Deseo analizar la nueva modalidad de resolver los problemas humanos, no con paciencia, solidaridad y compasión civilizada, sino con la nociva disposición de calificar como tóxicos a quienes resentimos, nos desagradan, o cuya personalidad temporal o de forma duradera consideramos molestosa.
Tóxico significa venenoso. En mi juventud no existían personas venenosas en mi barrio, mis amistades o familia. Podíamos ser problemáticos, podíamos enemistarnos. Pero la persona no era un veneno.
Aunque se propone de forma metafórica, quienes caen en ese juego lo entienden en su acepción literal. “Mi compañera de trabajo es tóxica. Por eso no le hablo ni la tomo en cuenta. Me hace daño”.

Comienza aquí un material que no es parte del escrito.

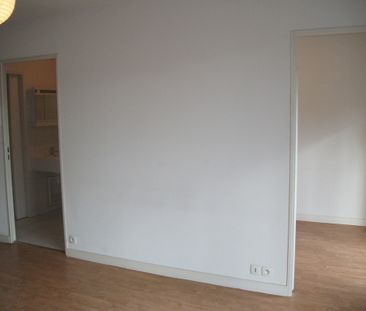 Location Appartement 2 pièces 31m² - Photo 2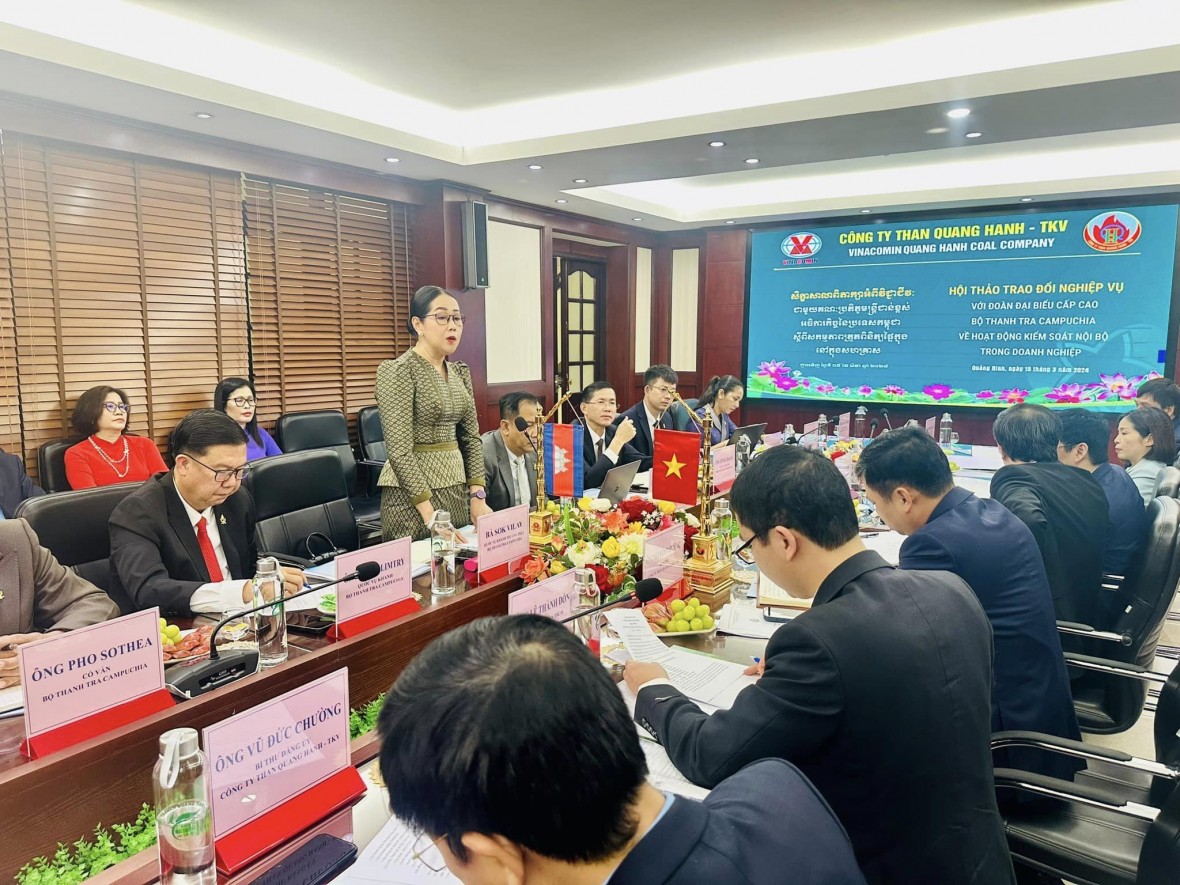 Công ty Than Quang Hanh tổ chức trao đổi nghiệp vụ với Bộ thanh tra Campuchia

Es egoísta la persona que se atribuye el derecho al bienestar emocional, condenando al “tóxico” a un ostracismo seguramente inmerecido.
Los que hasta ese momento ignoraban la existencia del veneno que lo rondó en su historia pasada y/o presente, se enteran cuando acuden a algún sanador mental. Entonces son conducidos por una senda profesional para trabajar conjuntamente en el proceso de identificar la persona o personas “tóxicas”, culpables de los malestares emocionales del paciente.
Quiero dar una voz de alarma sobre este fenómeno, que ya ha permeado la cultura panameña, con los daños a esperar. Estamos viviendo con madres, esposos, hermanos, vecinos, amigos y opositores políticos, a quienes tratamos literalmente como veneno. Detengámonos. La gente, como dijo Ortega y Gasset, es el resultado de sus circunstancias.
Aceptarnos mutuamente en nuestra imperfecta humanidad redundará en comunidades más pacíficas y más fraternales.